Há ainda mais uma última estorinha, ocorrida comigo, que vale a pena usar como exemplo. Há alguns anos, tive uma aula em que a professora falava de crimes ambientais. Depois de discorrer sobre uma série de crimes contra o meio-ambiente, alguns de larga escala e grande impacto, ela acabou concluindo que todos nós, seres humanos pós-neolítico, somos culpados pela degradação ambiental. Eu, porém, observei: “uns mais outros menos, não é, professora!?”. Ela logo respondeu que não, que todos somos igualmente culpados, e que eu, por exemplo, usava um tênis que fora feito à custa da degradação ambiental e humana (ela logo supôs que meu calçado havia sido fabricado por crianças escravizadas na China). Ela, logicamente, recebeu o apoio da maioria dos meus colegas de sala. Eu, porém, resolvi então propor algo: disse-lhes que deveríamos ajudar os industriais poluentes a pagar suas respectivas multas por danos ambientais, pois, pelo princípio que eles defendiam (o da equivalência de responsabilidade), isso seria nada mais do que o justo. É claro, fui hostilizado devido ao grau de polêmica que minha resposta gerou, mas, não pude resistir, também sou de carne e osso.

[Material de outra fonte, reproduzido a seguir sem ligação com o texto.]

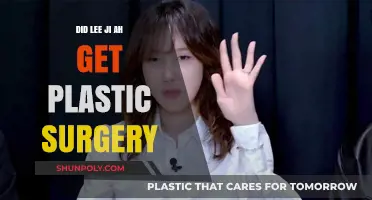 Lee Ji Ah's Transformation: Plastic Surgery Speculations and Truths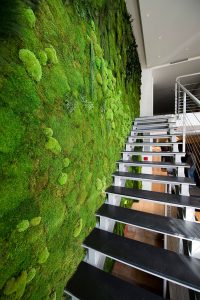 AD Moss Walls Green Interior Design Trend 04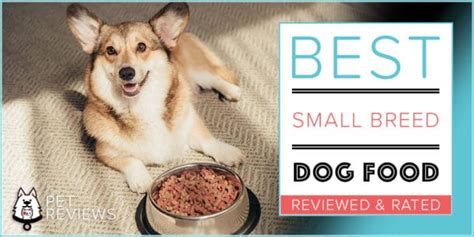 Best dry dog food for large breeds: 10 Best (Healthiest) Small Breed Dry Dog Food Brands for 2021
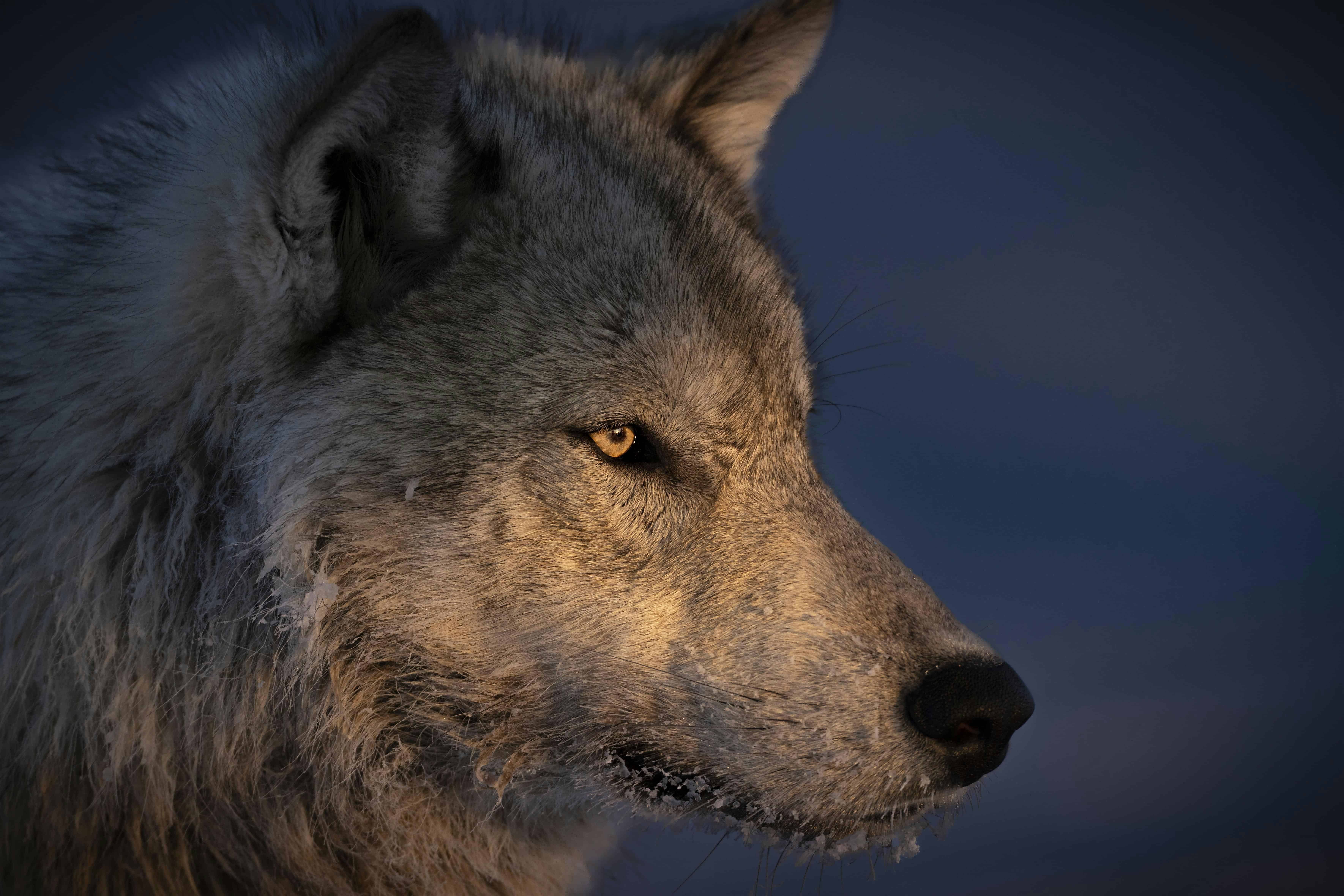 In The Company of Wolves at Mike’s Camera Inc. Boulder – Boulder, CO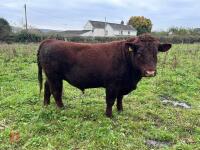 PEDIGREE RED RUBY DEVON 18MO BULL - 2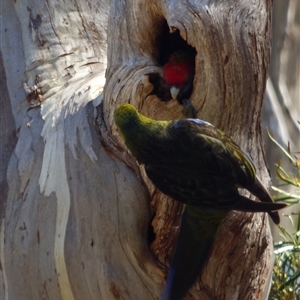 Platycercus eximus x caledonicus (Hybrid) at suppressed - suppressed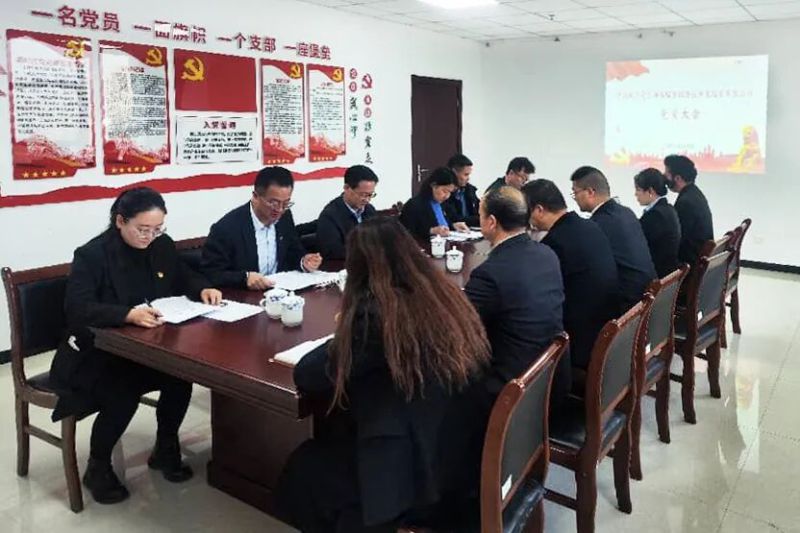 中国共产党临空公司党员大会胜利召开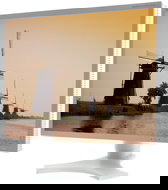 21" NEC MultiSync 2190UXp silver - LCD Monitor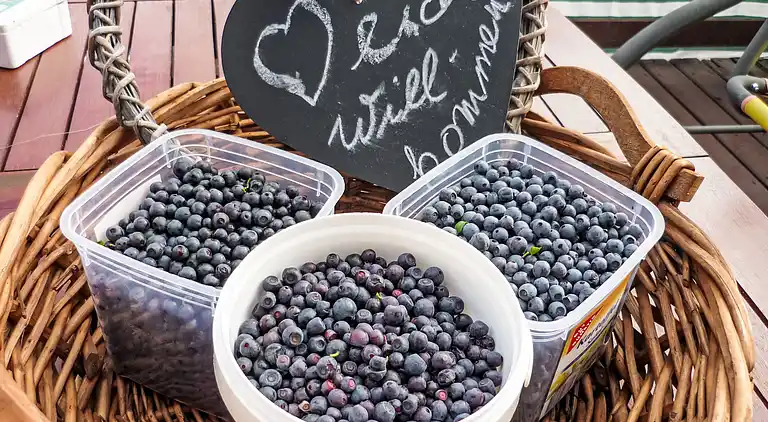 Feriebolig i Meseberg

Enfim, não é sempre que as comparações são desproporcionais e, nestes casos, não ocorre a falácia da equivalência. Há, com toda a certeza, casos em que as falcatruas da oposição são equivalentes às da situação, como há casos em que os impactos ambientais de diferentes causadores são sim equivalentes. Contudo, é importante tomar cuidado para não escorregar, intencionalmente ou não, na falácia da equivalência. Como bem diz uma outra amiga: “uma coisa é uma coisa, outra coisa é outra coisa.”